Collected material >>
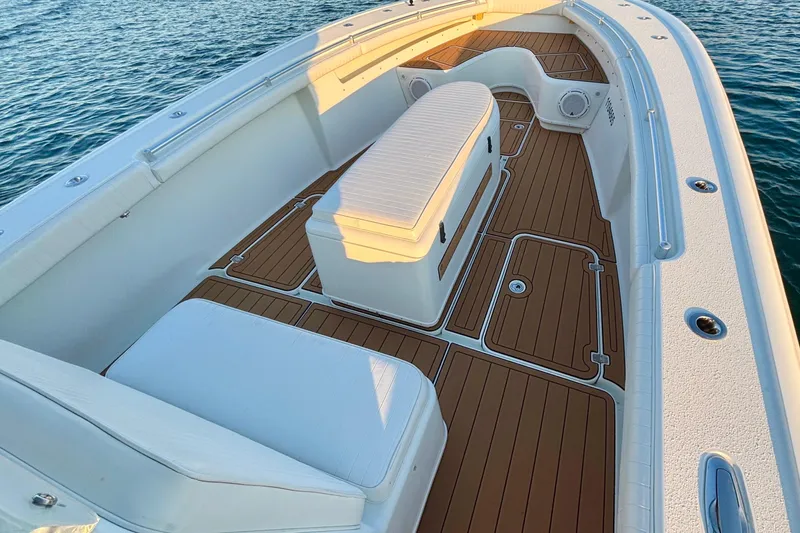  Yacht Photos Pics 2007 Yellowfin 36 Offshore boat interior with teak flooring and cushioned seating.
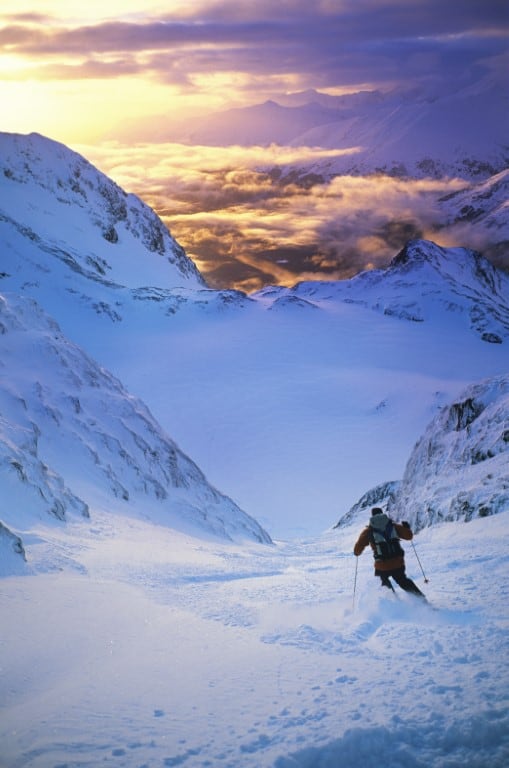 Snow Holiday Destinations - A Skier on a Mountain Slope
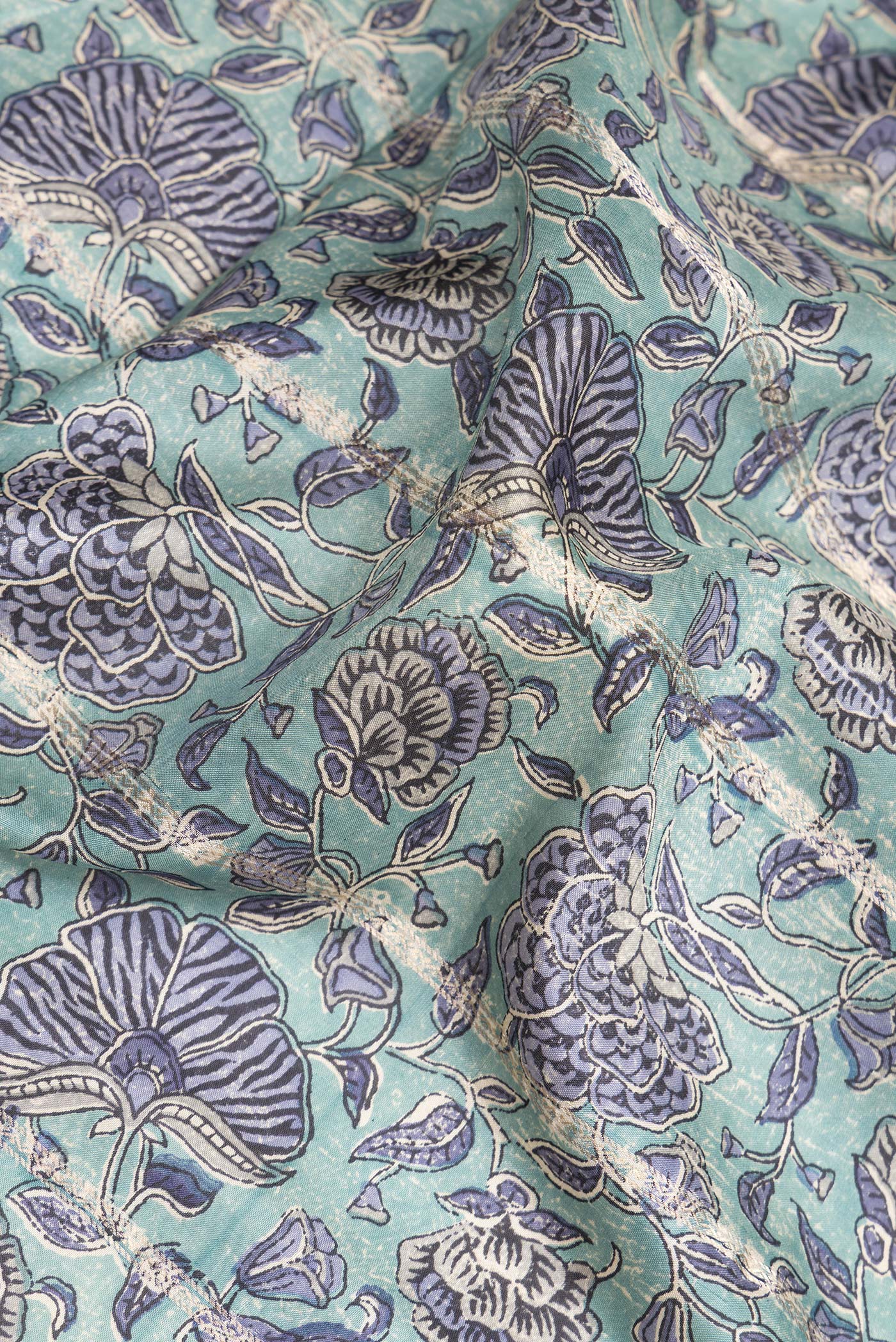 Close up of Pure Silk Light Blue Kanchipuram Saree with Printed design on the body and Zari Border.  displaying folds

What to do >> Please return all of the material above exactly, minus any pictures.

Expected answer >>
  Yacht Photos Pics 2007 Yellowfin 36 Offshore boat interior with teak flooring and cushioned seating.
 Snow Holiday Destinations - A Skier on a Mountain Slope
 Close up of Pure Silk Light Blue Kanchipuram Saree with Printed design on the body and Zari Border.  displaying folds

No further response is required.